NEW YORK—How do you even begin to introduce Jeff Koons ? He’s: the artist who reinvented Duchamp ’s readymades for the consumer age and who became a Wall Street commodities broker to support his art-making; one of Charles Saatchi ’s early enthusiasms and now one of Eli Broad ’s;
the holder of the record for most expensive piece by a living artist
ever sold at auction; a peddler of kitsch and the sometime husband and
porn-partner of Illona Staller (aka La Cicciolina );
a serial defendant in high-profile copyright cases; the super-rich
supremo of a factory-scale art production company; and the maker of
some of the most genuinely perplexing works of art out there. This week
the Metropolitan Museum of Art unveiled three of them on its roof: Balloon Dog (Yellow) (1994–2000), Sacred Heart (Red/Gold) (1997–2005), and Coloring Book (1997–2005). They will be there through October. None has been
displayed publicly before, and they will no doubt split opinion among
the roof’s up to 800 visitors an hour, as Koons’s work always does —
people can’t decide whether it means far more, or far less, than it
seems.
Koons is often seen as the contemporary art world’s supreme operator, in the ignoble tradition of Duchamp and Warhol :
an intelligent, provocative, consistently self-referential icon who
seems to both embody and parody the art world’s worst excesses and to
stay one jump ahead of his audience’s expectations at all times.

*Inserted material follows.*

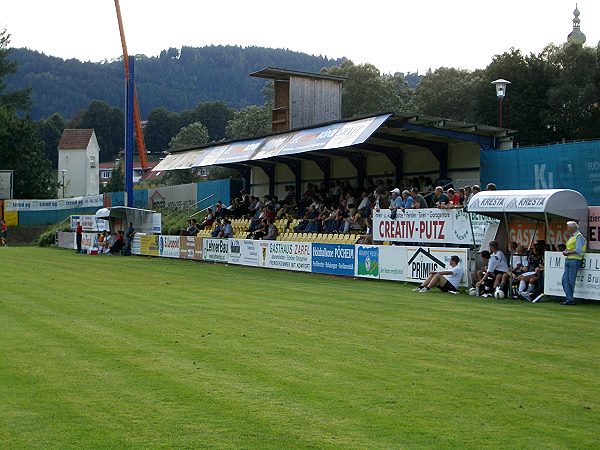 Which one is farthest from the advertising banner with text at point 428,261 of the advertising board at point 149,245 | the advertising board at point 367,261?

But the Jeff Koons who talked to ARTINFO in his Chelsea studio last
Friday would have none of this. In person he comes across as
straightforward and self-effacing, though these qualities are so
incongruous with some of the efforts he’s put into self-promotion in
the past — including those pictures of himself in flagrante with La Cicciolina and the full-page newspaper ads he took out to
highlight the good life that his art buys — that it’s hard to know
which presentation, if either, is the real thing. Decide for yourself.
Jeff, would you say you are you the most famous artist in the world?
No, absolutely not. There’s Warhol…
I meant the most famous living artist.
Mmmm…no. I’m ambitious, but I’m ambitious about art, and I’m
ambitious about what I can become as an artist. Hopefully I have more
to contribute. But how that’s judged is not important.
But isn’t the celebrity-artist Jeff Koons part of the context that you’ve created for your art?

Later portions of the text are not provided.